The second is that procurement itself has been partly automated. Eighty-six percent of procurement teams in 2026 have rolled out at least one AI agent. The agents read corporate sites, scrape public data, score suppliers against weighted criteria, recommend shortlists. They do not know what a hidden champion is. They know what a complete supplier profile looks like, and yours either matches the schema or it doesn't.
The third is that the people who run the hidden champions, mostly second and third generation Italian and German founders, learned their craft in a world where visibility was not the lever. When the lever changed, they didn't notice. Or they noticed and didn't believe.

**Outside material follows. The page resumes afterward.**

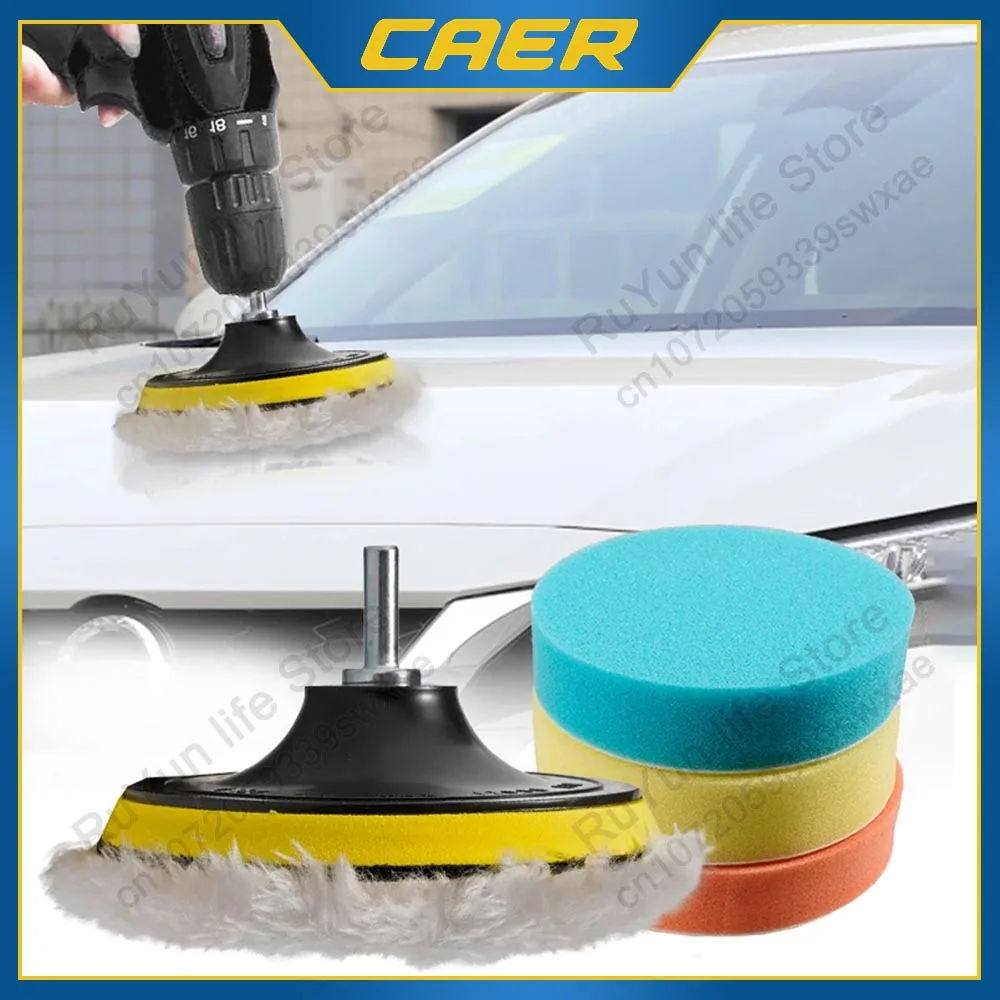 Car Polishing Pad Car Polishing Disc Set Self-Adhesive Buffing Waxing Sponge Wool Wheel Washing Auto Body Beauty Polisher Drill Adapter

A dialogue Pan would have, if Simon were in the room
Professor Simon, the framework you built in 1990 was correct for 1990. It is still correct in its underlying observation about where economic value lives. What's broken is not the existence of hidden champions. What's broken is the relationship between hidden and successful.
In 1990, hiddenness was a side-effect of being good. Today, hiddenness is what stops the AI procurement agent from scoring you above the competitor whose only advantage was being scoreable.

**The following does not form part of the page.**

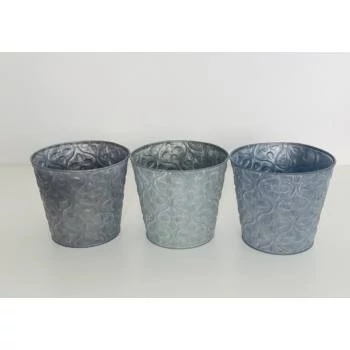 Bádog kaspó kerek bronz 18x16cm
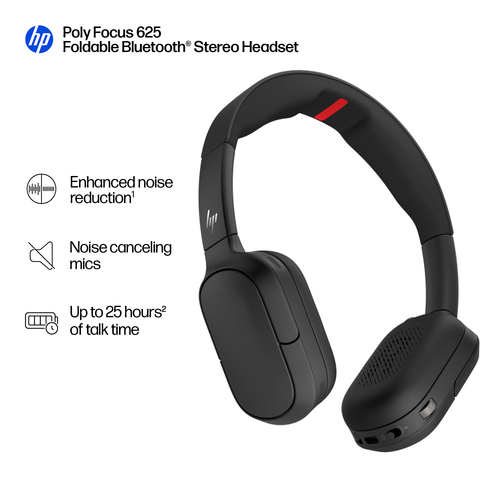 HP Poly Focus 625 Headset + Wireless Charge Stand. Product type: Headset. Connectivity technology: Wired & Wireless, Bluet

The Italian variant of your category is paying the highest price. A 2025 R&D Management study from Wiley documented Italian hidden champions and their resilience. The same study, read between the lines, also documented their digital training participation, 8.3 percent against a European average of 10.8, against France's 18.8. The gap is not operational. The gap is in being legible to the system that now selects which excellence gets a chance to bid.
If I could ask Simon one thing on stage, it would be this. What does the next edition of "Hidden Champions" say about the difference between being unknown by choice and being unknown by neglect. Because in 2026, the second one is a category killer, and the first one was always a category virtue.